- [Problem statement] Word-for-word transcription needed. Include every entry below but no pictures.

Dataset items

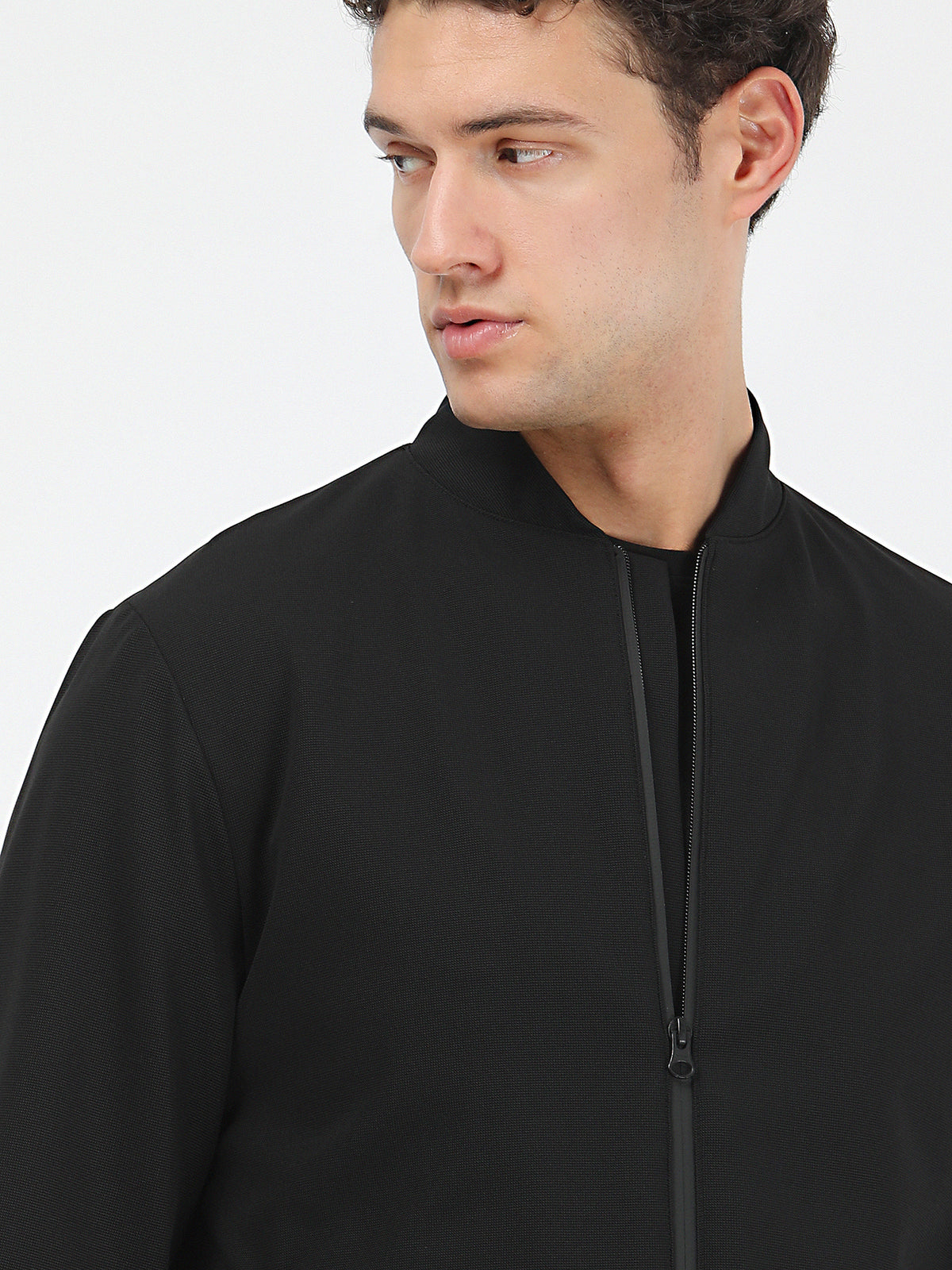 Siyah Düz Modern Fit Örme Takım Elbise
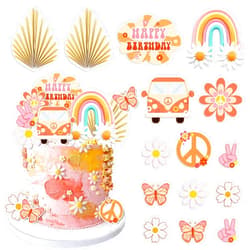 DRWATE 15 PCS Groovy Cupcake Toppers Boho Rainbow Cake Topper Hippie Party Decorations with Flower Bus Happy Birthday for Girl 2nd Birthday Party 60s Theme Boho Groovy Party Supplies (Bohemia)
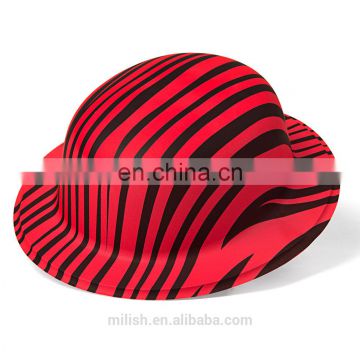 MH-2178 Classic Party kit PVC red imprint Plastic Zebra Derby Bowler Hat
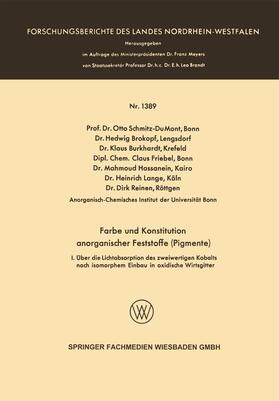 Mont / Brokopf / Burkhardt | Mont, O: Farbe und Konstitution anorganischer Feststoffe (Pi | Buch | 978-3-663-20004-8 | sack.de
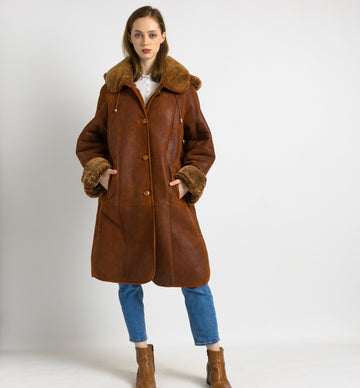 80s Boyut Vintage Suede Sheepskin Leather Shearling Fastens Coat size Small/Vintage Leather Shearling Coat/Vintage Woman Winter Suede Coat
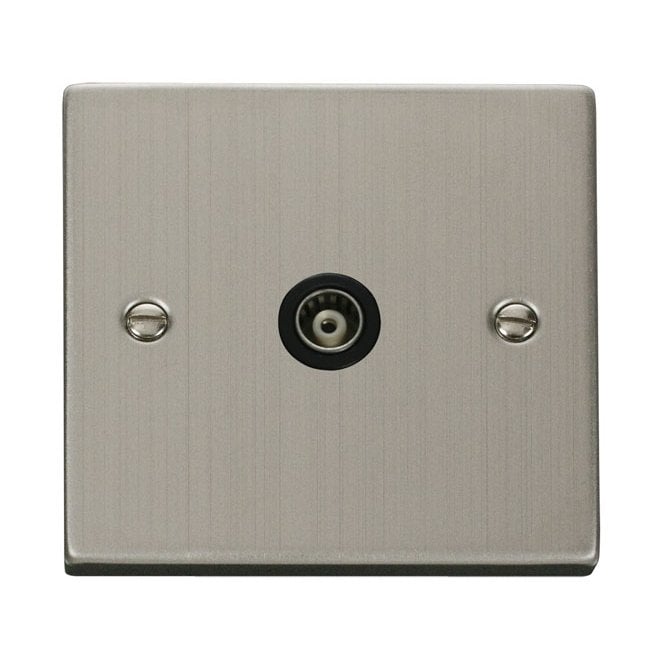 Click Switches and Sockets VPSS158BK Decorative Single Isolated Coaxial Outlet with Black Insert in Stainless Steel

- [Written reply]
 Siyah Düz Modern Fit Örme Takım Elbise
 DRWATE 15 PCS Groovy Cupcake Toppers Boho Rainbow Cake Topper Hippie Party Decorations with Flower Bus Happy Birthday for Girl 2nd Birthday Party 60s Theme Boho Groovy Party Supplies (Bohemia)
 MH-2178 Classic Party kit PVC red imprint Plastic Zebra Derby Bowler Hat
 Mont / Brokopf / Burkhardt | Mont, O: Farbe und Konstitution anorganischer Feststoffe (Pi | Buch | 978-3-663-20004-8 | sack.de
 80s Boyut Vintage Suede Sheepskin Leather Shearling Fastens Coat size Small/Vintage Leather Shearling Coat/Vintage Woman Winter Suede Coat
 Click Switches and Sockets VPSS158BK Decorative Single Isolated Coaxial Outlet with Black Insert in Stainless Steel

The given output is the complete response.